◆ PROBLEM DETAILS
Omit the pictures and return exactly the stretch of the material below from the line with "接客は利休に学べ／小早川護（1977〜）" through the line with "Audemars Piguet Royal".

◆ EXERCISE DATA
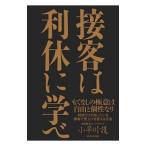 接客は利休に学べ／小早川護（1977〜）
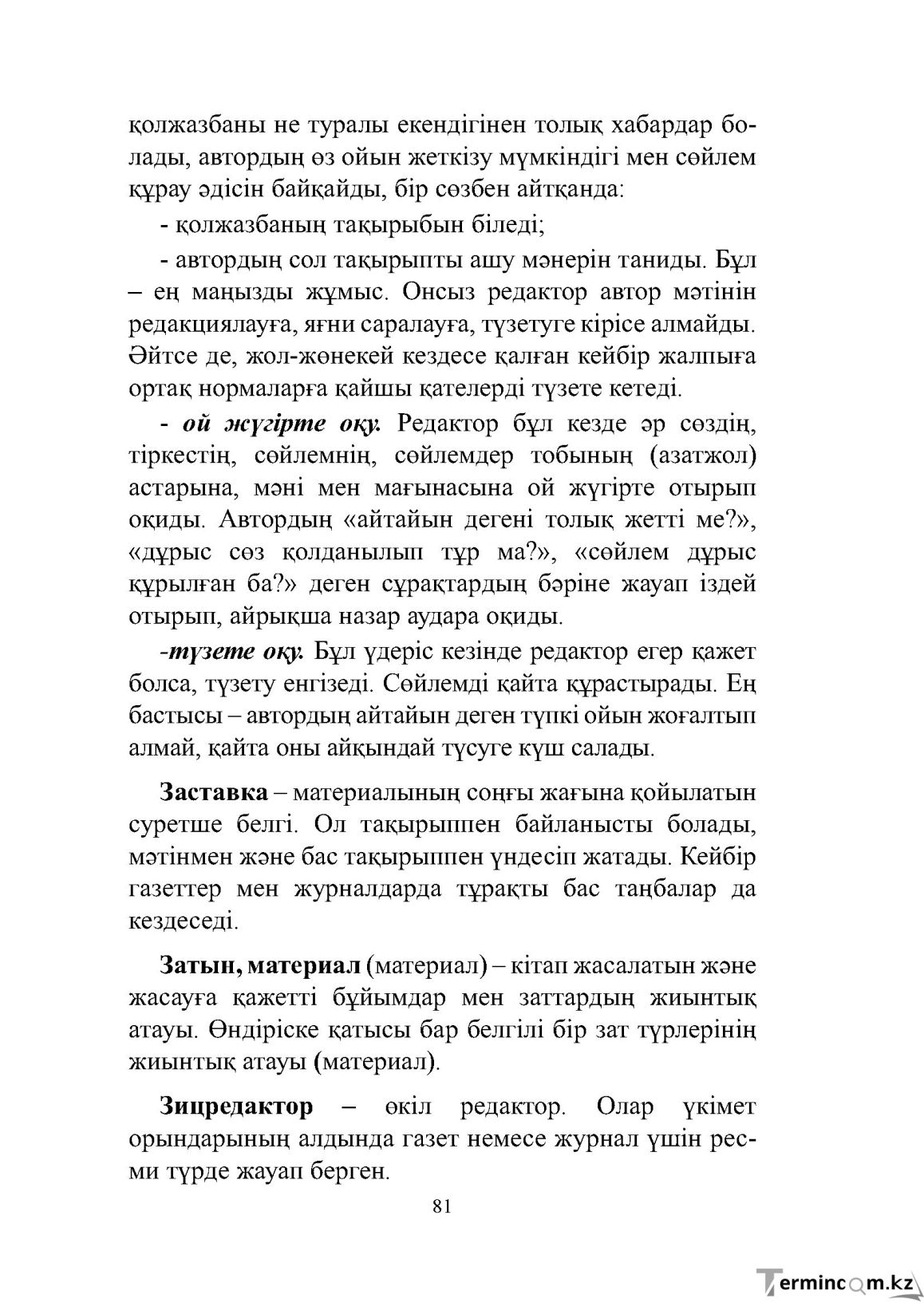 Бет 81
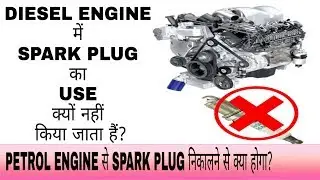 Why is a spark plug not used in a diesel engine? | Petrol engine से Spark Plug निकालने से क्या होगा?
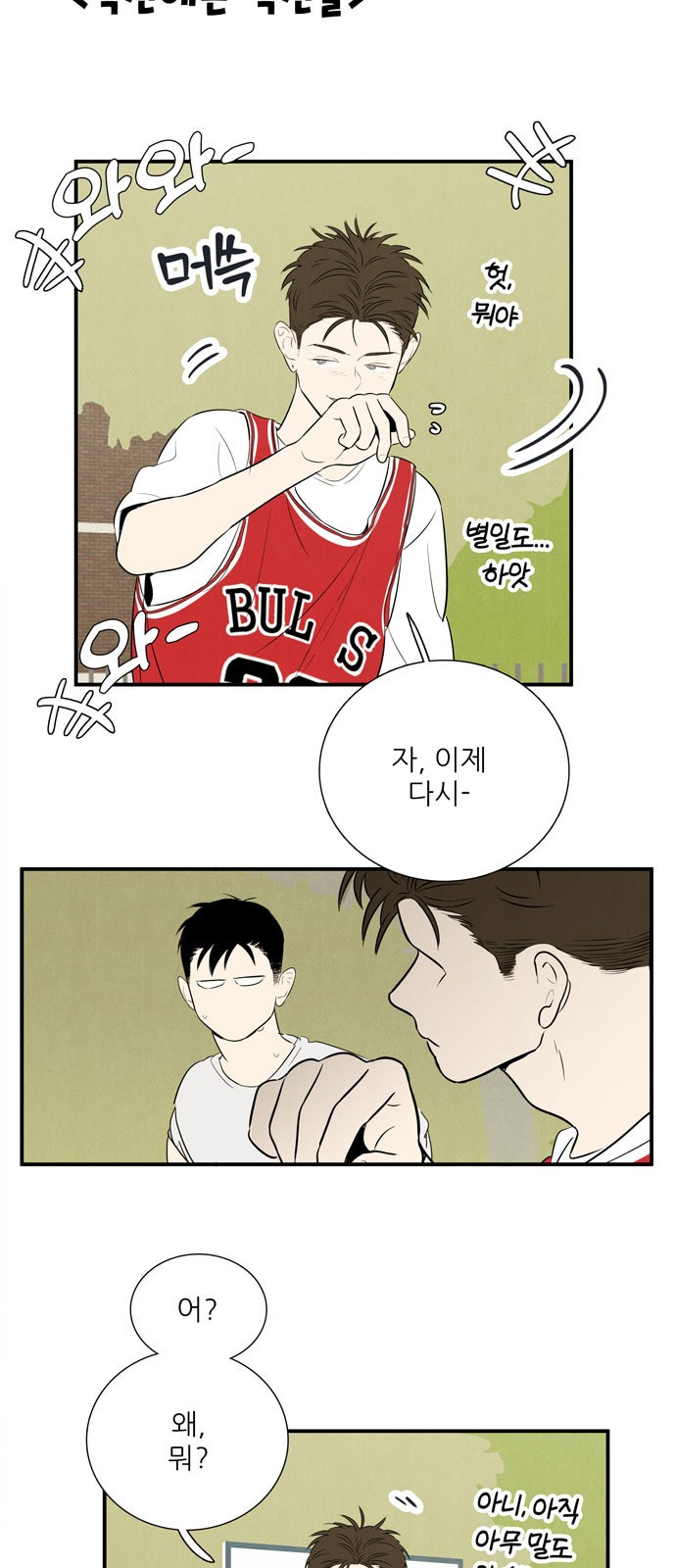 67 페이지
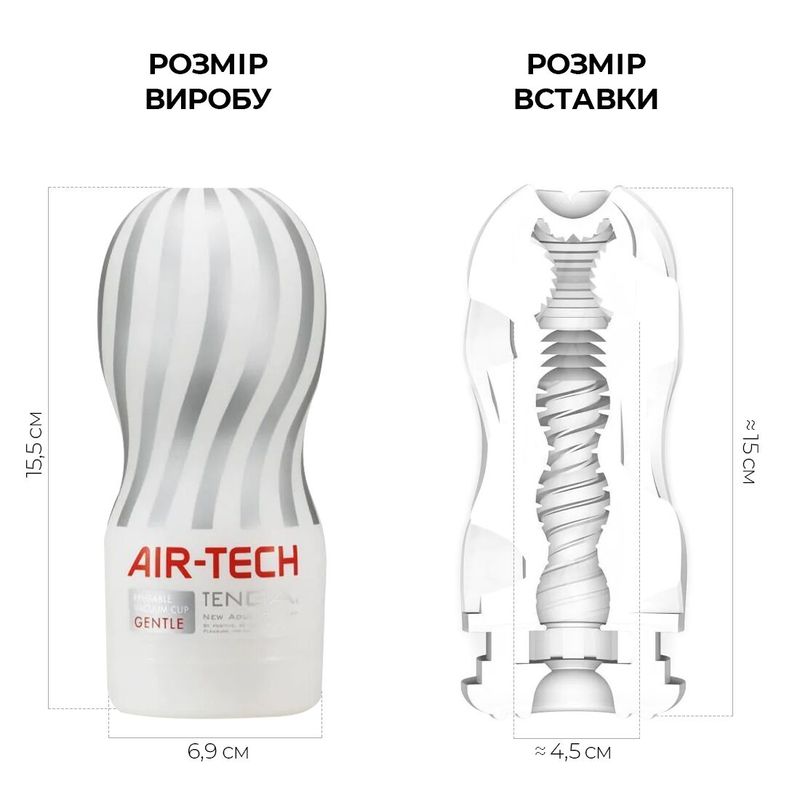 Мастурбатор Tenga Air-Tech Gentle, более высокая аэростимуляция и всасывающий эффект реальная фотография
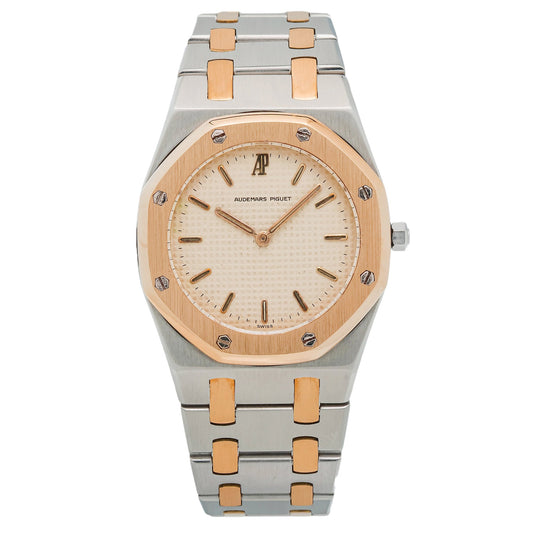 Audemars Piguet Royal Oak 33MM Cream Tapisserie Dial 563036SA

---

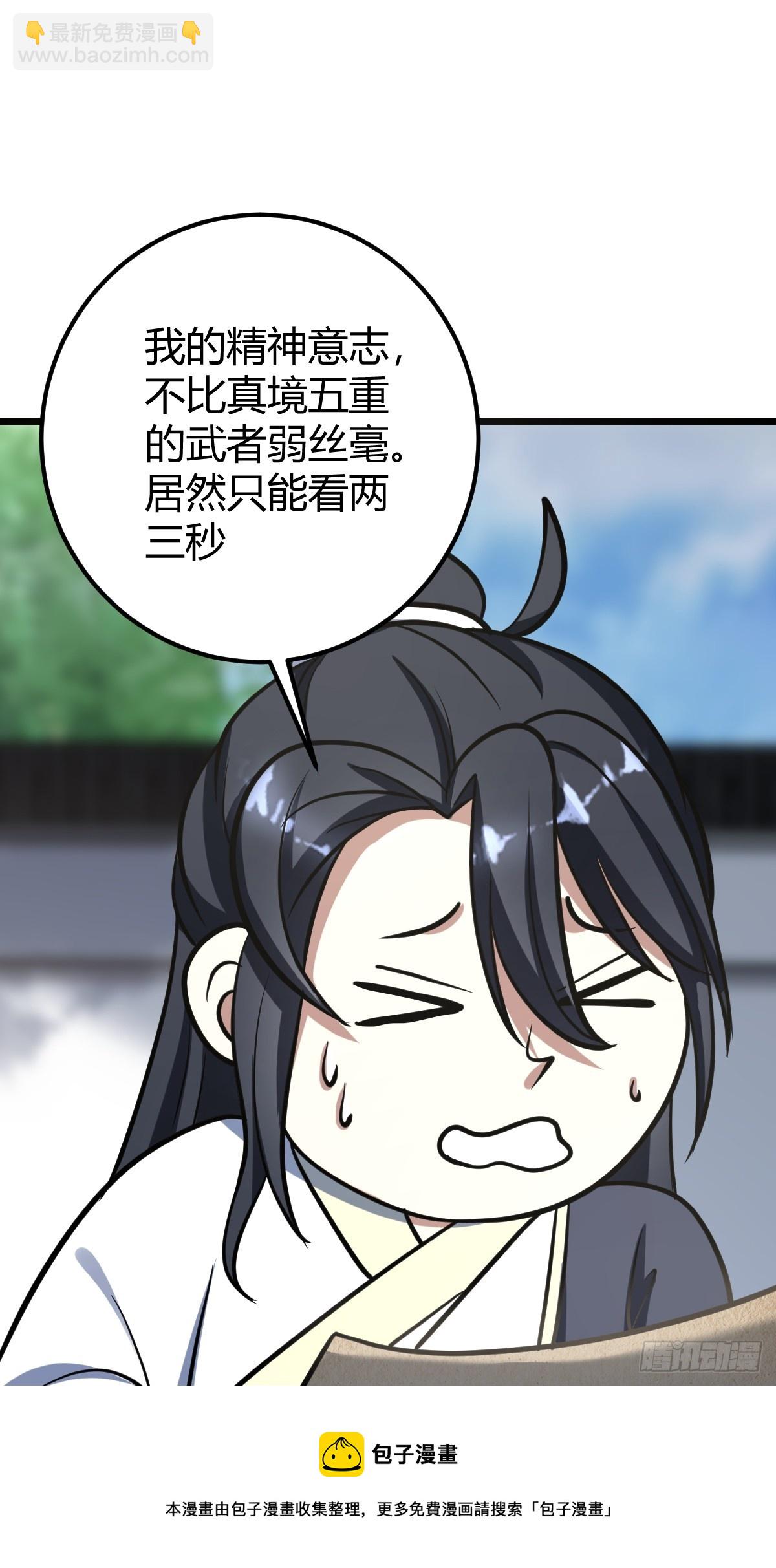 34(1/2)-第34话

---

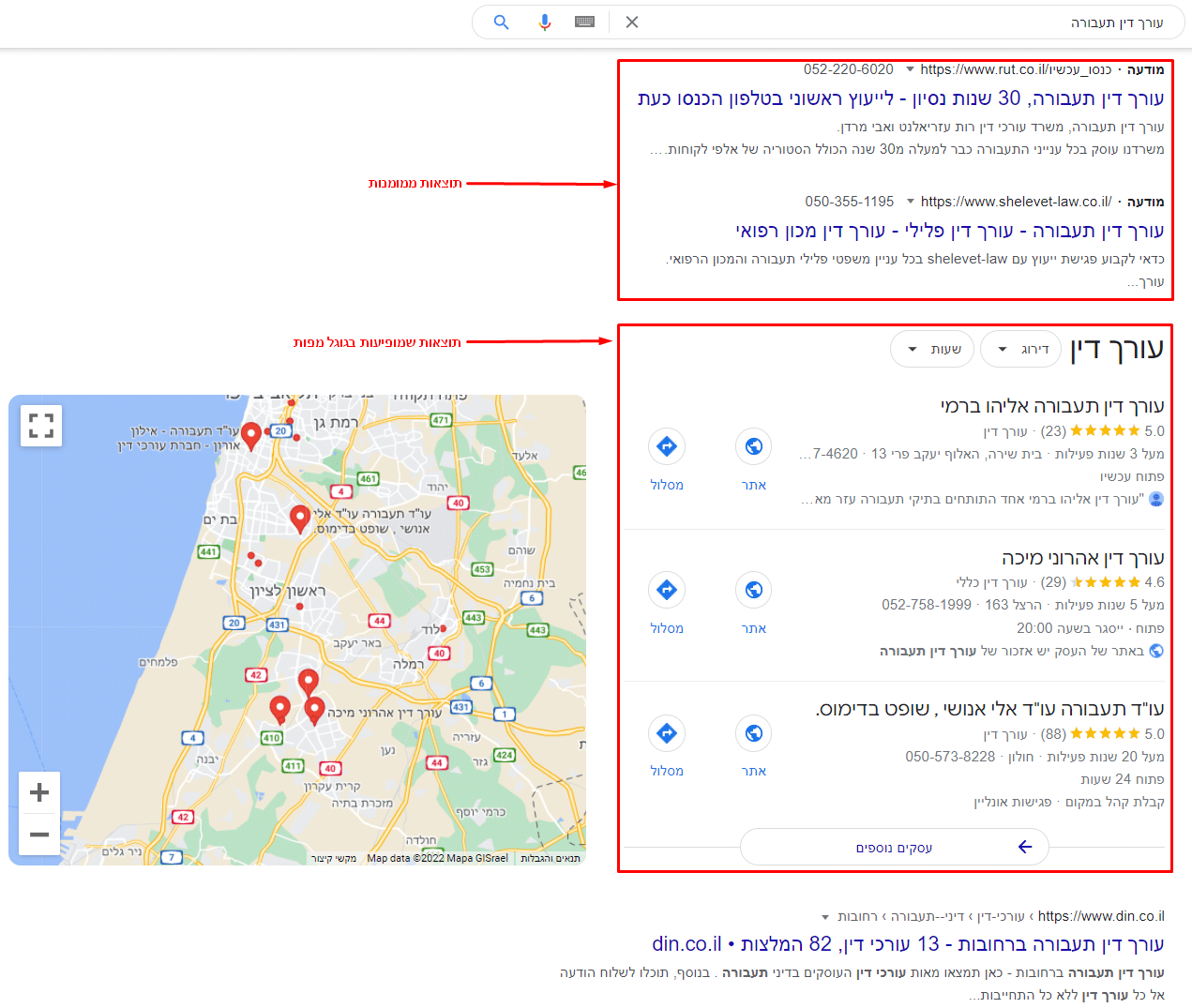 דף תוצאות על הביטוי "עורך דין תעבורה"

◆ WRITTEN ANSWER
 接客は利休に学べ／小早川護（1977〜）
 Бет 81
 Why is a spark plug not used in a diesel engine? | Petrol engine से Spark Plug निकालने से क्या होगा?
 67 페이지
 Мастурбатор Tenga Air-Tech Gentle, более высокая аэростимуляция и всасывающий эффект реальная фотография
 Audemars Piguet Royal Oak 33MM Cream Tapisserie Dial 563036SA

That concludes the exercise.